縦方向の移動、つまり重心震度が変えれることはメリットだと思うが、重心距離の可変については、M1いや、SLDRの頃から僕は疑問に思っていることを、きっとメルマガ読者は覚えているはずだ。それは

ゴルファーが感じる見た目の印象と、重心位置が違う

というデメリットだ。ロボットが打つわけではなく、打つのは人間だから。目で見た印象と、実際が違うと違和感を持つ。ゴルファーはフェースのセンターで打とうと無意識にアドレスするものだからだ。捕まらない形状なのに、重心距離が短く捕まってしまうとゴルファーは違和感を持ってしまうもの。その範囲広がっても特にメリットにはならないと思う。

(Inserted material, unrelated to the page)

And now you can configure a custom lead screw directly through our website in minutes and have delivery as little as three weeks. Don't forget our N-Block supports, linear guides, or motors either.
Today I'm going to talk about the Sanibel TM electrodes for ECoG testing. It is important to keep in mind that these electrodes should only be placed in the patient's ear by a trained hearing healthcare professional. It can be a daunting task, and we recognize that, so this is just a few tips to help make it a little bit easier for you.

とは言え初代は、ウエイト位置がノーマルの時、非常にニュートラルで気に入っていた。二代目も同じようにニュートラルだが、今回も残念ながらヘッド重量205gと僕には重すぎる。ブログを読んでくれた方は、僕がM1をオーダーせず、M2をアメリカのフェアウェイゴルフにオーダーしたのは、ヘッド重量と、重心の移動が無いシンプルなヘッドが好きという点の2点。

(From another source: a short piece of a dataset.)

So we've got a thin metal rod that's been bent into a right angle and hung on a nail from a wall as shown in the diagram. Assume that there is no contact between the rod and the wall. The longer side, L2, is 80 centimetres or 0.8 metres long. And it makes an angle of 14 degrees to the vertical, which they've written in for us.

新しいM1ドライバーだが、すでにヨーロピアンツアー、PGAツアーで合計2勝と、プロの細かい重心位置には対応できるようで、ツアープロには、初代と同じように人気のようだ。

僕はM2を選んだが、微調整したい人はM1を選ぶという手もある。残念ながら、初代と変わらず、フェース角はオープンで、ボールが捕まるドライバーではないので、スライサーは手を出さないことをオススメする。